>>>

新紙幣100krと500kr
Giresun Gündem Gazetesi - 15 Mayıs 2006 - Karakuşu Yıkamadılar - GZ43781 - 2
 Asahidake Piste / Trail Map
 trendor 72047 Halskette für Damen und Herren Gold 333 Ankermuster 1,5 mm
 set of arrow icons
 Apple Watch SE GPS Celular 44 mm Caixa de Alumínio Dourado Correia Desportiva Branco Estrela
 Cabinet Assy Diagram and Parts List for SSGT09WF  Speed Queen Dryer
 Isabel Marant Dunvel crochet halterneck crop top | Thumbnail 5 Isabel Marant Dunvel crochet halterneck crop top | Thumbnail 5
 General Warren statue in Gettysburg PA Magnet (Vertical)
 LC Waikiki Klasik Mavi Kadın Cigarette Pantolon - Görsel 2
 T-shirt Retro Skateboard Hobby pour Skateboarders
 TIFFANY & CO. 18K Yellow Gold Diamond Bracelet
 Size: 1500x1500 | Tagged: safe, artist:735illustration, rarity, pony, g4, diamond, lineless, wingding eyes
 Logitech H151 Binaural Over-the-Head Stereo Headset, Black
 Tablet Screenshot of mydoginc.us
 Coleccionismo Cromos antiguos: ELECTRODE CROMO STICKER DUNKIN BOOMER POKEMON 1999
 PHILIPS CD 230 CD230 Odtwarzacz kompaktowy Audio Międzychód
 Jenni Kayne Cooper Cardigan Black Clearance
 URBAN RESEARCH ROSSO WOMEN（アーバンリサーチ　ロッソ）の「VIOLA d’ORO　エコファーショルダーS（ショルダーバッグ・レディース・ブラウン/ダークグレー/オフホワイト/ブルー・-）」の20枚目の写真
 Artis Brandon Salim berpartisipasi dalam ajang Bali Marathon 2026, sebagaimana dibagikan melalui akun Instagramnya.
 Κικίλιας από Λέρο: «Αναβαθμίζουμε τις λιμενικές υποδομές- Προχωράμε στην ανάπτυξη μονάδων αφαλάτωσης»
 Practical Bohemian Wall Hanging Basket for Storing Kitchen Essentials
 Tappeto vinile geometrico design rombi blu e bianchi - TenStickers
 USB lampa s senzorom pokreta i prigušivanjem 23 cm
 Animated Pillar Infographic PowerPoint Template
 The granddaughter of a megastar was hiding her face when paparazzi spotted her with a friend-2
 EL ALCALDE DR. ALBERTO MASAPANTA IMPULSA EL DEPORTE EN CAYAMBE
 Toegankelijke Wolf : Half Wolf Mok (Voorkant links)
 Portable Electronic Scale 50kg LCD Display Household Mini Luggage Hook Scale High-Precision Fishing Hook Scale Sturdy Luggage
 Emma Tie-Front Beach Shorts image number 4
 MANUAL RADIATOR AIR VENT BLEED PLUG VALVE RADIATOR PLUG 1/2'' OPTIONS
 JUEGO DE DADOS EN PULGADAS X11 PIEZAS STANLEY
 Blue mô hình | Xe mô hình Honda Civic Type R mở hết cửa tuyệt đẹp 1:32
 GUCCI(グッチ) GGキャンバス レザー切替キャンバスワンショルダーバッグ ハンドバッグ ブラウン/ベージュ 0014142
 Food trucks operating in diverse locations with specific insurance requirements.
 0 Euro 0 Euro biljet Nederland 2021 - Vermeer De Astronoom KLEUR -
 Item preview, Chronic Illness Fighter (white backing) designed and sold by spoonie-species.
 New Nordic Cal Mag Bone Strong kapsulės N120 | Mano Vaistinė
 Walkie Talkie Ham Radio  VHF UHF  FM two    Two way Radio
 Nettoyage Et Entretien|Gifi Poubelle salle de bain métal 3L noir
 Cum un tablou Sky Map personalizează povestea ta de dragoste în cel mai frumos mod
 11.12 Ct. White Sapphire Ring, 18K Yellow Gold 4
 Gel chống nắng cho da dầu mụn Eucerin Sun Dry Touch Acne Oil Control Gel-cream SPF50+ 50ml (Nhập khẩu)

<<<

— What to work on —
Word for word, reproduce the listing from its first line through the line that has "LC Waikiki Klasik" in it, and go no further.

— Answer to this task —
新紙幣100krと500kr
Giresun Gündem Gazetesi - 15 Mayıs 2006 - Karakuşu Yıkamadılar - GZ43781 - 2
 Asahidake Piste / Trail Map
 trendor 72047 Halskette für Damen und Herren Gold 333 Ankermuster 1,5 mm
 set of arrow icons
 Apple Watch SE GPS Celular 44 mm Caixa de Alumínio Dourado Correia Desportiva Branco Estrela
 Cabinet Assy Diagram and Parts List for SSGT09WF  Speed Queen Dryer
 Isabel Marant Dunvel crochet halterneck crop top | Thumbnail 5 Isabel Marant Dunvel crochet halterneck crop top | Thumbnail 5
 General Warren statue in Gettysburg PA Magnet (Vertical)
 LC Waikiki Klasik Mavi Kadın Cigarette Pantolon - Görsel 2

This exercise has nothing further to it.